En los últimos años, mi nariz detecta una moda insistente -como todas las modas: que son una insistencia pagada de serlo. La he llamado «el efluvio nórdico», también conocido como el «síndrome Karl Ove Knausgard», por el autor de Mi lucha, esa autobiografía novelada que al parecer ha trastornado a los críticos literarios más conspicuos del mundo anglosajón.

Empujado por un amigo entusiasta -entusiasta del escritor noruego, entusiasta de las recomendaciones lectoras, entusiasta del entusiasmo-, leí el primer volumen de Mi lucha. Confieso que me aburrió pronto. Aunque encontré reflexiones interesantes en la narración, le olí pronto la fórmula: el relato impudoroso de la intimidad, y el intento de extraer experiencia meditativa de dicho relato. Hay que tragar mucha anécdota insustancial hasta encontrar algo de sustancia. Por lo demás, es simple literatura autobiográfica de toda la vida, adornada con la etiqueta posmoderna de llamarla autoficción.

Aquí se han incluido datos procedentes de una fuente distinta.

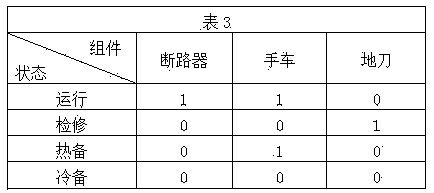 Switch cabinet multi-state switching method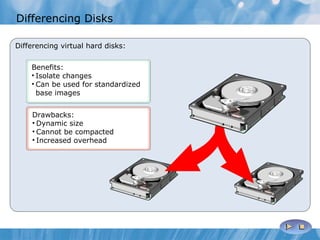 Differencing Disks Differencing virtual hard disks: Benefits: Isolate changes  Can be used for standardized base images Drawbacks: Dynamic size Cannot be compacted Increased overhead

Pero lo cierto es que el impudor se ha convertido en moda. Los epígonos olfateadores se han lanzado a airear los trapos de familia. ¿Quién no se ha divorciado alguna vez y podría contarnos pequeñas epopeyas matrimoniales? ¿A quién no se le ha muerto un padre, o una madre, o los dos, y siente que ha desaprovechado la ocasión terrestre de decirles algo importante? ¿Quién no es, o no ha sido, o no será, un padre poco edificante para con sus hijos? Nadie arroja la primera piedra, porque casi todo el mundo aspira ahora a contar sus pecadillos domésticos.

La moda del impudor pasará, pero no el impudor de someterse a una moda cualquiera. Y quedará lo que queda siempre, después de las modas, lo que el talento de los mejores escritores han sabido hacer con ellas.